You stumble into Christmas every now and then. Some streets have lights. Some stores have decorations. The local supermarkets sell plenty of Christmas stuff. But turn your eyes from the mince pies and ready-to-roast meats, and it’s just another day in Consumerlandia.

Christmas in London is different from Christmas in Tokyo. In Japan people do Christmas, but they don’t celebrate it. Christmas is like Halloween. It’s a costume people wear for fun. And just like Halloween, Tokyo does it amazing well. Brilliantly, uniquely, photogenically well.

In London there’s less doing Christmas, but people celebrate Christmas. At least, I think they do. I’m not sure. There’s plenty of evidence that the meals, the family time, and the tradition of Christmas still linger.

Speaking of tradition, this Christmas has me wondering about the things we say, the words we mouth, at Christmastime. Like ‘peace on earth’. Or ‘goodwill to all’.

Nothing undermines the Christmas mood quite like wading through a divisive national election in the country you’ve just moved to. Or seeing the country where your child has just started university decide to impeach their president. Or watching the country you grew up in burn up in nationwide fires, a relentless ecological disaster, which the prime minister seems to escape on an overseas holiday.

What does peace on earth mean?

Last week I was at Heathrow Terminal 5 to meet my kid, here to visit for Christmas. As I arrived, I noticed a guitar case like mine and I noticed the grey-haired guy carrying it. It was Tommy Emmanuel, one of my childhood guitar idols. And one of the last people I got to see live at the Tokyo Blue Note, another place I Insta-envy from time to time. I said hello, we shook hands, and I mouthed familiar words. Merry Christmas. Safe travels.

Those words are a polite mask. Because there’s a limit to how much we can say I love you and your music means everything to me to someone who is pretty much a stranger, however many times we might’ve met or spoken in the past.

‘Thank you for the music. I saw you at Tokyo Blue Note a few months back. Merry Christmas. Safe travels.’

Of course, there’s nothing wrong with this. Familiar words, spoken with sincerity, can carry deep meaning. Or else we would’ve stopped saying ‘thank you’ and ‘I’m sorry’ long ago.

What we mean when we say Merry Christmas or Season’s Greetings is a vast question. And it’s not one I’d like to tackle now. Partly because I’m not sure we can agree what less controversial phrases, like peace open earth, or goodwill to all, mean.

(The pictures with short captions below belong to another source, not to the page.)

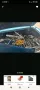 Other Buick, Le sabre, Restaurationsobjekt, Chev...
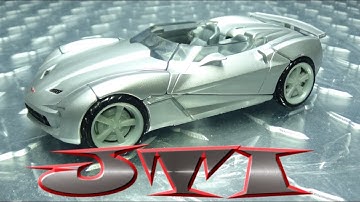 JUST TRANSFORM IT!: Studio Series Deluxe Sideswipe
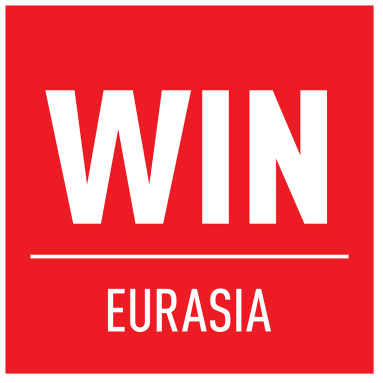  GTEP  _ 터키 이스탄불 전시회 _ WIN EURASIA AUTOMATION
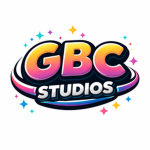 GBC Studios. Group Thumbnail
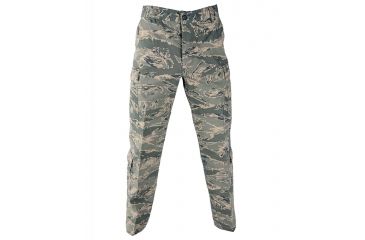 Image of Propper ABU Men'sTrouser, 50/50 NYCO Twill, Size 40 Short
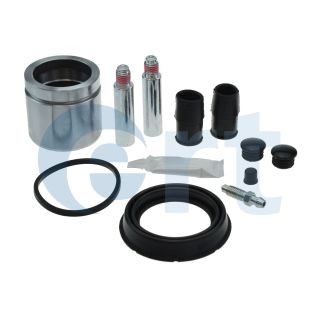 Remonto komplektas, stabdžių apkaba ERT 440036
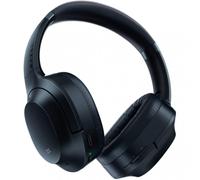 Razer RZ04-03430100-R3M1 auricular y casco Auriculares Inalámbrico y alámbrico gancho de oreja Llamadas/Música USB tipo A Bluetooth Negro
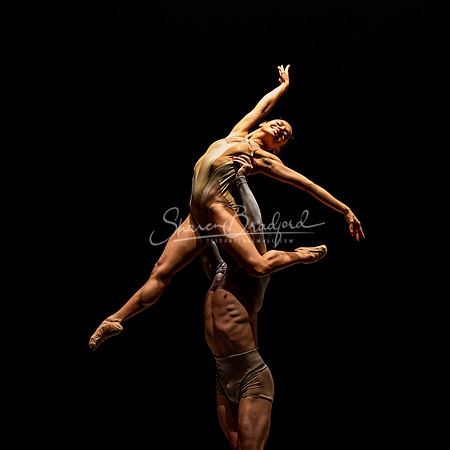 Bach 25 2021 pc Sharen Bradford-0079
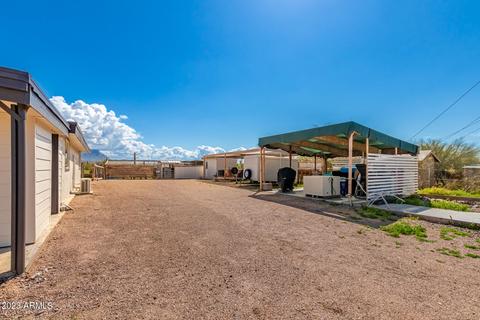 2909 E 12th Ave, Apache Junction, AZ 85119 photo 35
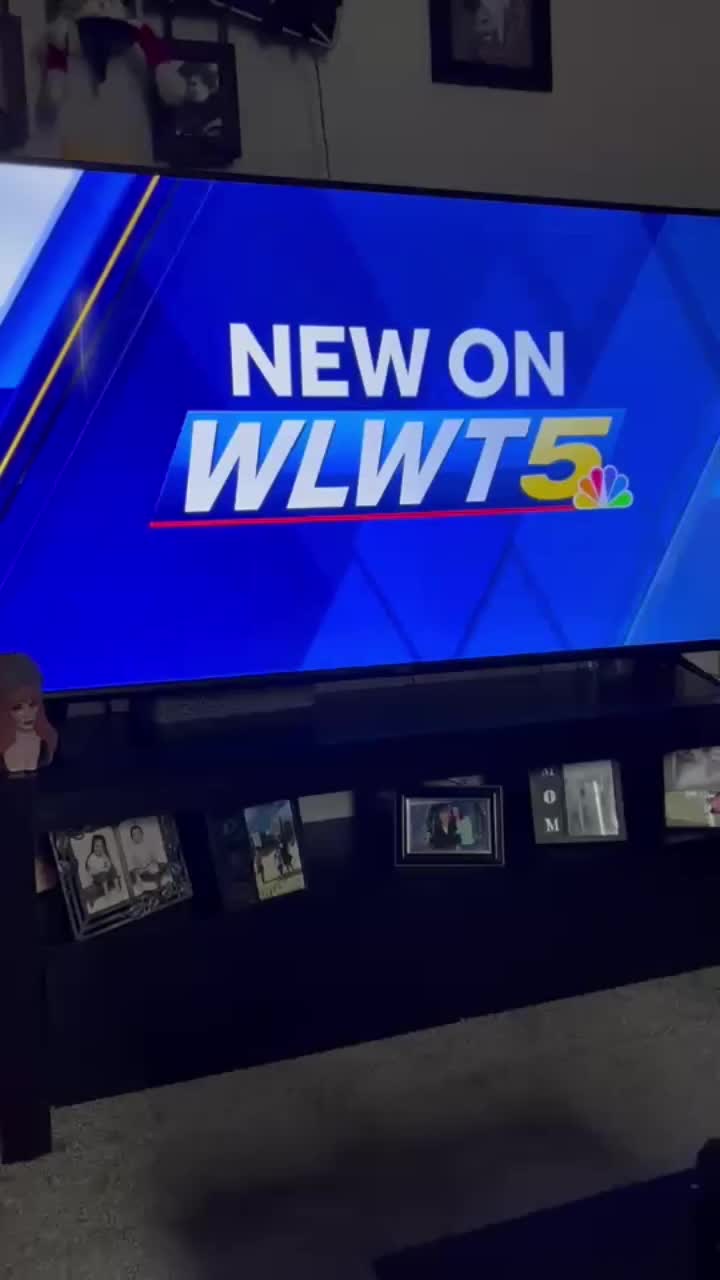 @MulletReview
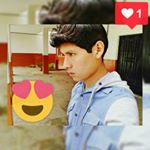 Profile Picture of Steven (@steven_nicolai) on Instagram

Those words still appear in songs and on cards. Maybe they always felt like lofty expressions of hope. But they feel more distant now.

Because peace is always something we make. It’s a process. And goodwill is something we extend in the hope of reciprocation. It’s an opening gesture, like offering a handshake, or a respectful bow, even before the other person does.

Both express our openness to the universe and to other people, to them treating us well.

When you meet someone in Japan, the standard thing to say is ‘Yoroshiku onegaishimasu’, which is usually translated as ‘Nice to meet you’, but more literally means something like ‘I hope this goes well’, or ‘Please be nice to me.’ Out of this humility, social bonds are built.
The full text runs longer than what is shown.